REQUIRED ACTION ▸ Transcribe the entries exactly as given and skip whatever images they hold.

Start of ENTRIES SUPPLIED

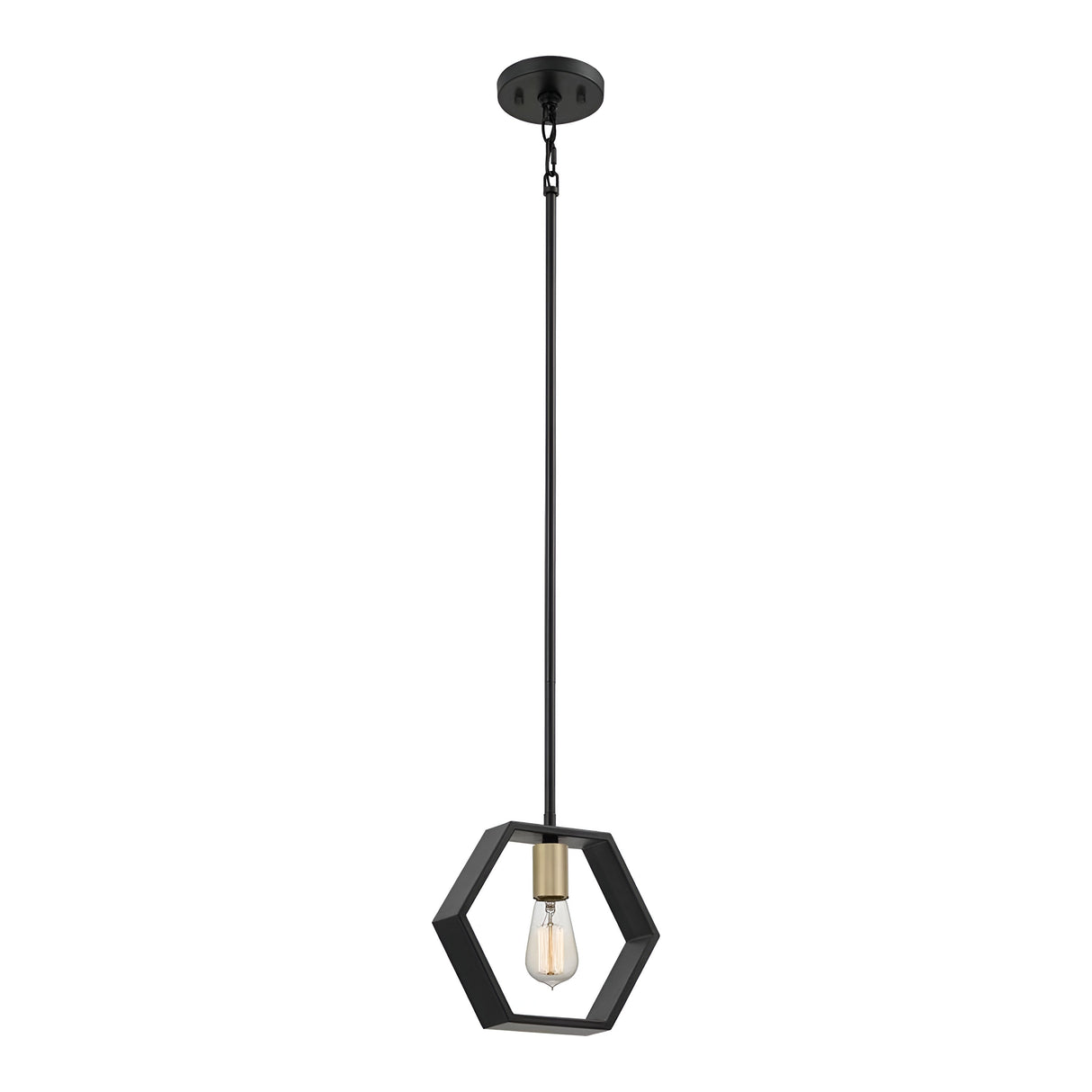 The Bismarck 1 Light Mini Pendant - Black showcases a minimalist design with an ambient lighting feature, sporting a black hexagonal frame and a single exposed bulb suspended from an elongated rod connected to a circular ceiling mount. Its geometric flair enhances its contemporary appeal.
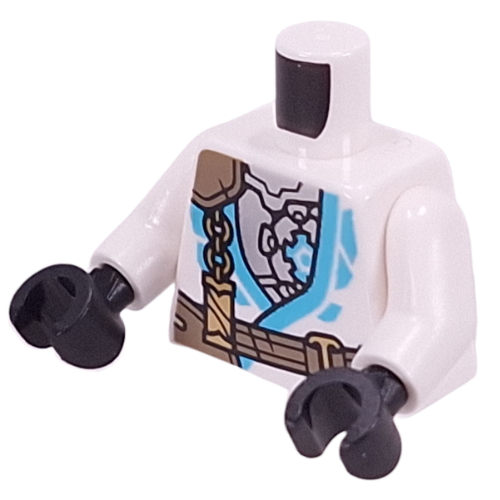 Lego Torso, Ninja Robes, Medium Azure Trim, Dark Tan Strap, Gold Chain, Silver Armor print, White Arms, Black Hands / White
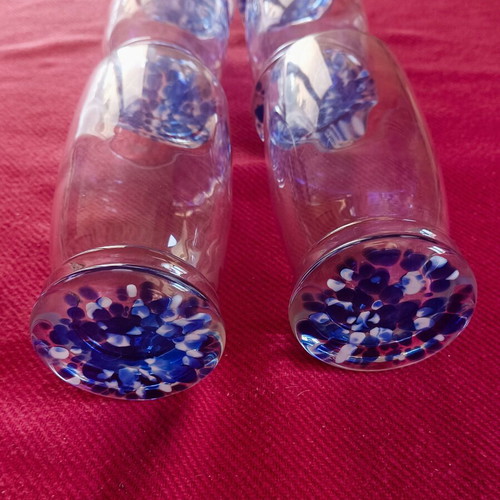 Set of 6 tall glassware with blue base, like new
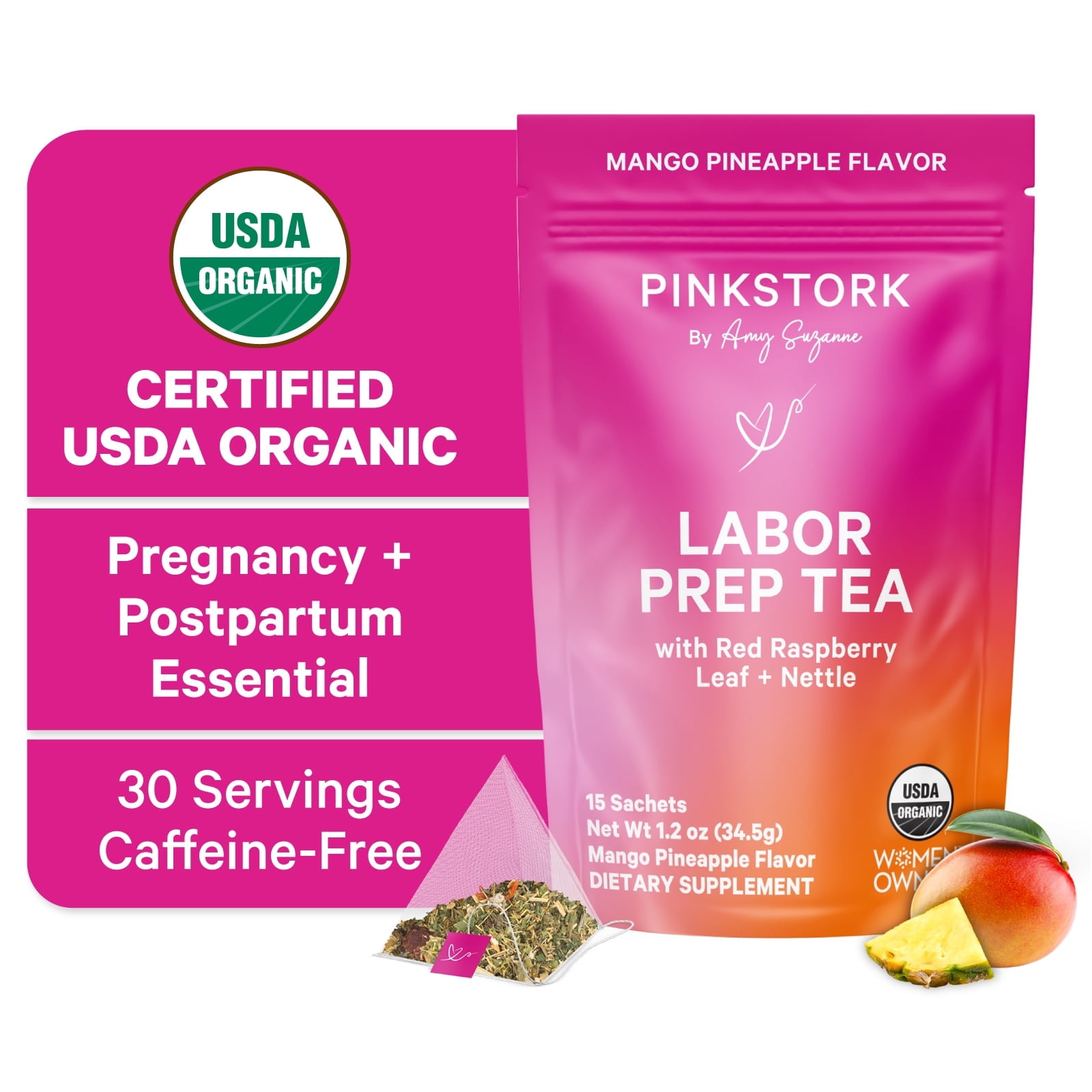 Pink Stork Red Raspberry Leaf Labor Prep Tea, Mango Pineapple, 15 ...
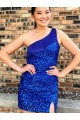 Sleeveless Royal Blue Sheath One Shoulder Homecoming Dresses Maidstone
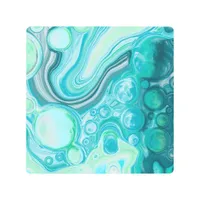 Blue, Turquoise Sea Waves and Bubbles   Metal Print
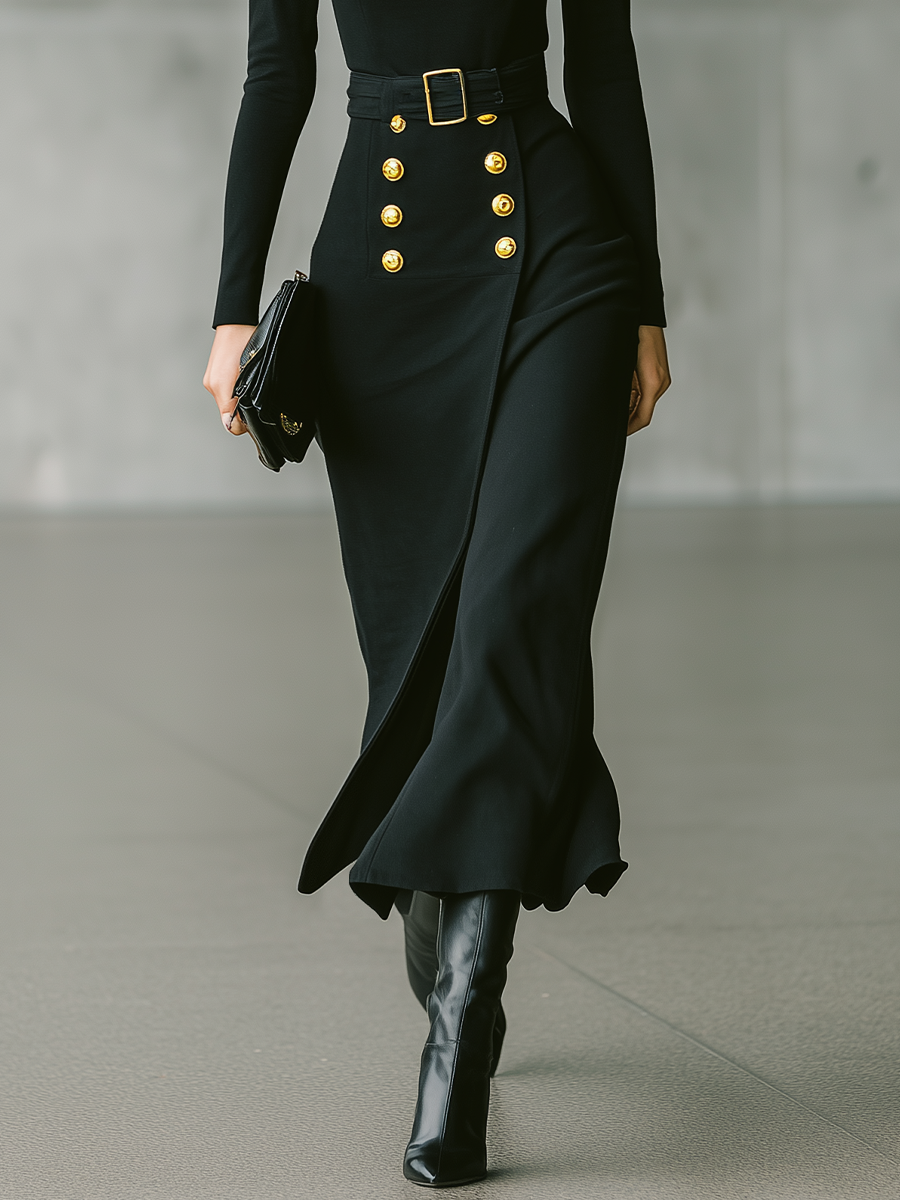 Women's Black High-Stretch Knit Top And Long Skirt Set MDA2811J7T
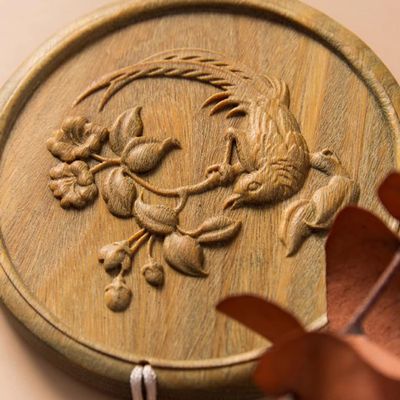 7cm Retro Woodcarving Flower Portable Makeup Mirror Creative Ancient Style Dressing Mirror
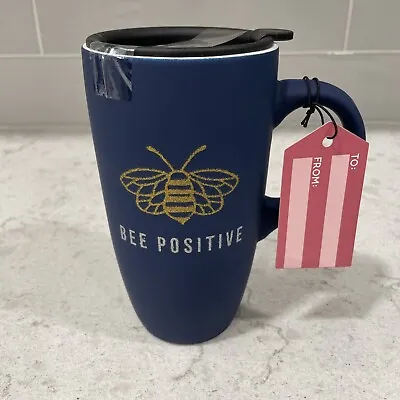 $14.99 • Buy BEE POSITIVE Bling 16oz Travel Mug Soft Touch Ceramic Coffee Cup Bumble Gift Tag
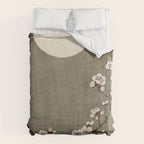 Blossoming plum tree at full moon  - Vintage Japanese Woodblock Print Art Duvet Cover Gallery Image 6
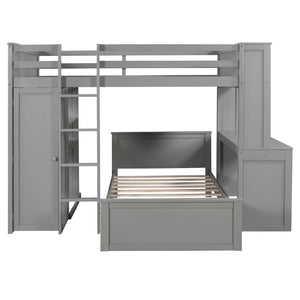 English Elm Full Twin Loft Bed with Desk Wardrobe Shelves Pine Wood Frame Kids Bedroom Gray LT000821AAE-1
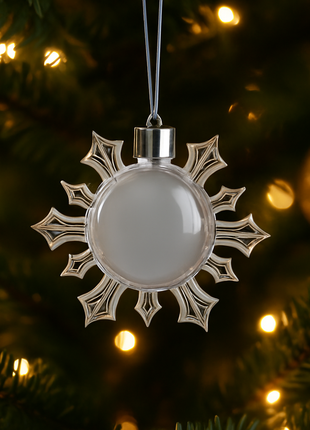 Transparant Foto Ornament Sneeuwvlok 8,5cm voor sublimatie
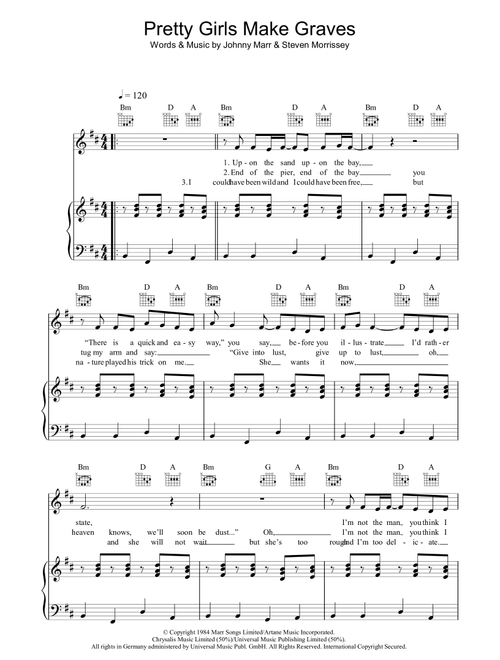 Pretty Girls Make Graves - The Smiths (Piano-Vocal-Guitar (Piano Accompaniment))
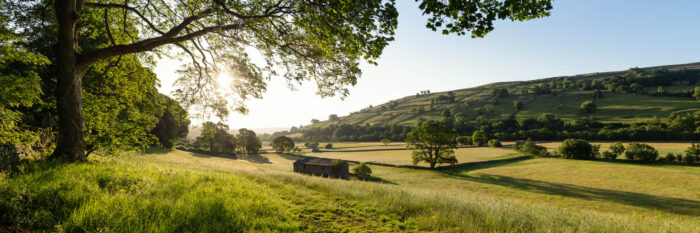 Panorama of Richmond in the Yorkshire Dales at sunrise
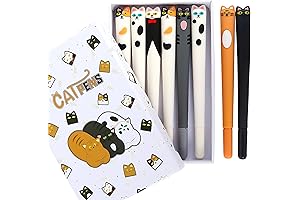 LiYiQ Cat Lovers Pens: 8-Pack Gel Pens with Adorable Feline Designs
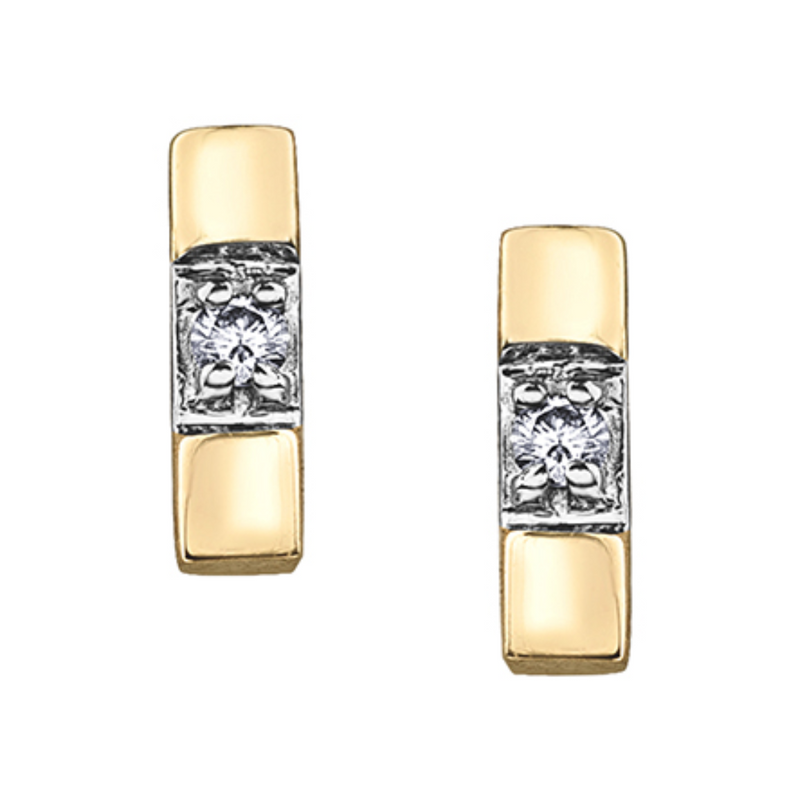 10K Yellow Gold .016ctw Diamond Bar Earrings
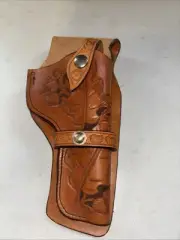 Vintage Brown Leather Hand Tooled Gun Holster * Western Cowboy Style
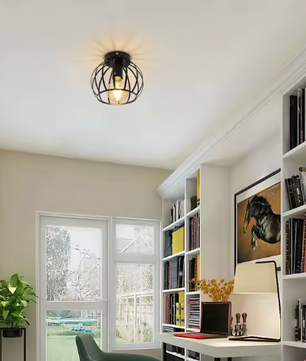 Vintage Plafondlamp – Zwarte Semi-Inbouwlamp met Kooi Ontwerp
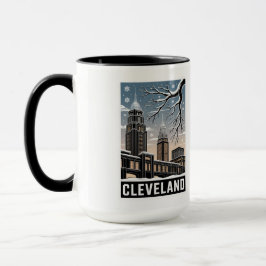 Caneca Cleveland Ohio Skyline Winter Woodcut Black&White
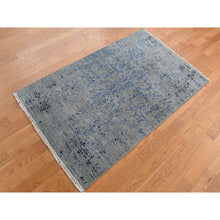 Load image into Gallery viewer, 3&#39;1&quot;x5&#39; Fossil Gray, Wool And Silk, Broken Design, Tone On Tone, Hand Knotted, Oriental Rug FWR526092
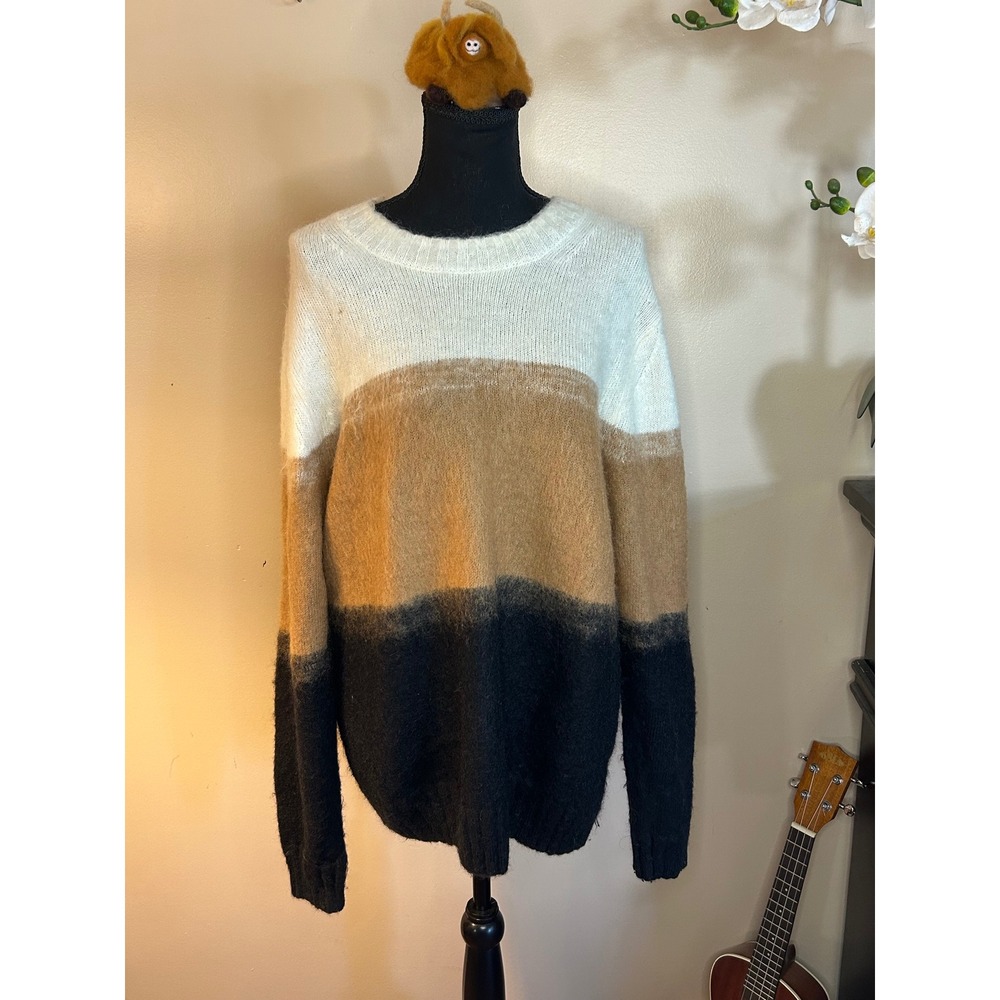COS Mohair Wool Blend Colorblock Sweater White Brown Black Regular Fit Large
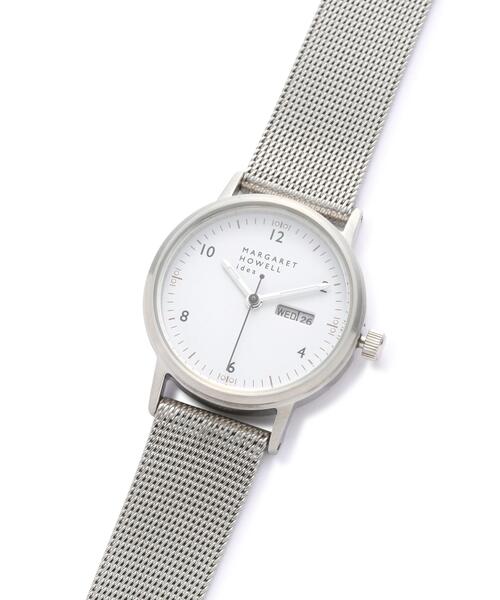 【電池交換済】MARGARET HOWELL 腕時計 ラウンド シルバー 白 MARGARET HOWELL マーガレット・ハウエルの電池交換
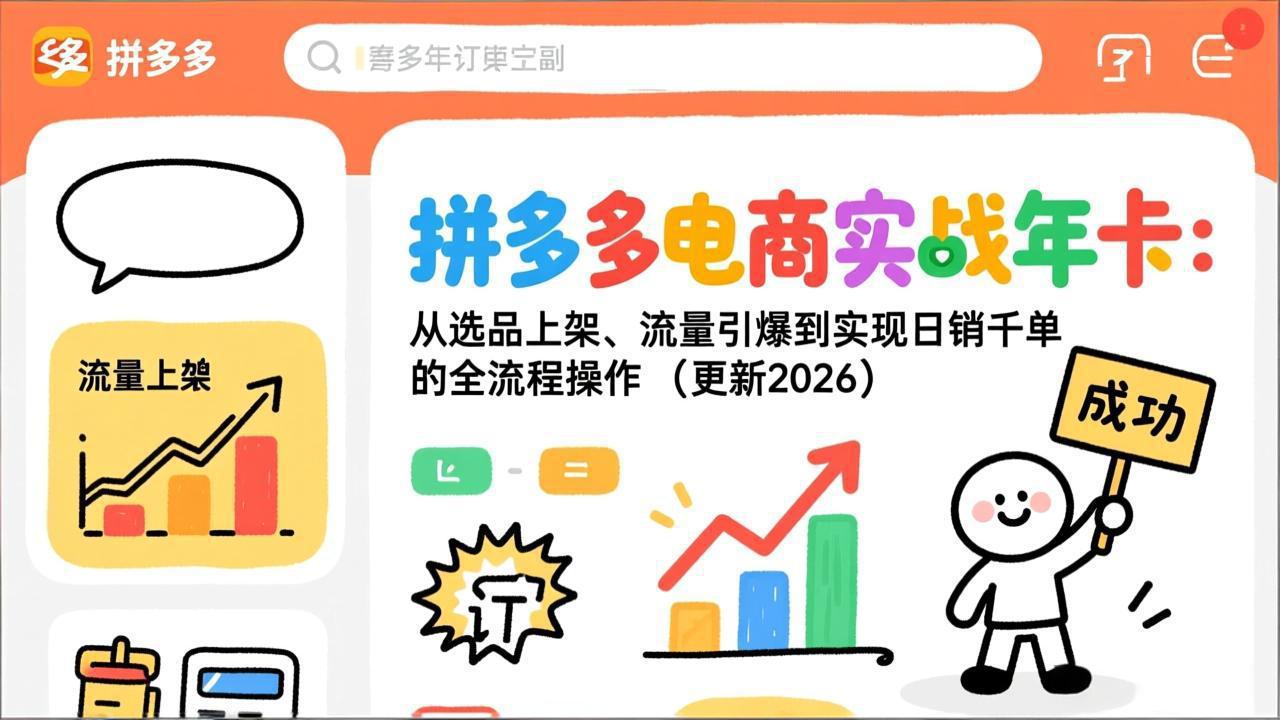 拼多多电商实战年卡：从选品上架、流量引爆到实现日销千单的全流程操作(更新2026-网创资源站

End of ENTRIES SUPPLIED

RESULT OF THIS EXERCISE ▸
 The Bismarck 1 Light Mini Pendant - Black showcases a minimalist design with an ambient lighting feature, sporting a black hexagonal frame and a single exposed bulb suspended from an elongated rod connected to a circular ceiling mount. Its geometric flair enhances its contemporary appeal.
 Lego Torso, Ninja Robes, Medium Azure Trim, Dark Tan Strap, Gold Chain, Silver Armor print, White Arms, Black Hands / White
 Set of 6 tall glassware with blue base, like new
 Pink Stork Red Raspberry Leaf Labor Prep Tea, Mango Pineapple, 15 ...
 Sleeveless Royal Blue Sheath One Shoulder Homecoming Dresses Maidstone
 Blue, Turquoise Sea Waves and Bubbles   Metal Print
 Women's Black High-Stretch Knit Top And Long Skirt Set MDA2811J7T
 7cm Retro Woodcarving Flower Portable Makeup Mirror Creative Ancient Style Dressing Mirror
 $14.99 • Buy BEE POSITIVE Bling 16oz Travel Mug Soft Touch Ceramic Coffee Cup Bumble Gift Tag
 Blossoming plum tree at full moon  - Vintage Japanese Woodblock Print Art Duvet Cover Gallery Image 6
 English Elm Full Twin Loft Bed with Desk Wardrobe Shelves Pine Wood Frame Kids Bedroom Gray LT000821AAE-1
 Transparant Foto Ornament Sneeuwvlok 8,5cm voor sublimatie
 Pretty Girls Make Graves - The Smiths (Piano-Vocal-Guitar (Piano Accompaniment))
 Panorama of Richmond in the Yorkshire Dales at sunrise
 LiYiQ Cat Lovers Pens: 8-Pack Gel Pens with Adorable Feline Designs
 10K Yellow Gold .016ctw Diamond Bar Earrings
 Vintage Brown Leather Hand Tooled Gun Holster * Western Cowboy Style
 Vintage Plafondlamp – Zwarte Semi-Inbouwlamp met Kooi Ontwerp
 Caneca Cleveland Ohio Skyline Winter Woodcut Black&White
 Load image into Gallery viewer, 3&#39;1&quot;x5&#39; Fossil Gray, Wool And Silk, Broken Design, Tone On Tone, Hand Knotted, Oriental Rug FWR526092
COS Mohair Wool Blend Colorblock Sweater White Brown Black Regular Fit Large
 【電池交換済】MARGARET HOWELL 腕時計 ラウンド シルバー 白 MARGARET HOWELL マーガレット・ハウエルの電池交換
 拼多多电商实战年卡：从选品上架、流量引爆到实现日销千单的全流程操作(更新2026-网创资源站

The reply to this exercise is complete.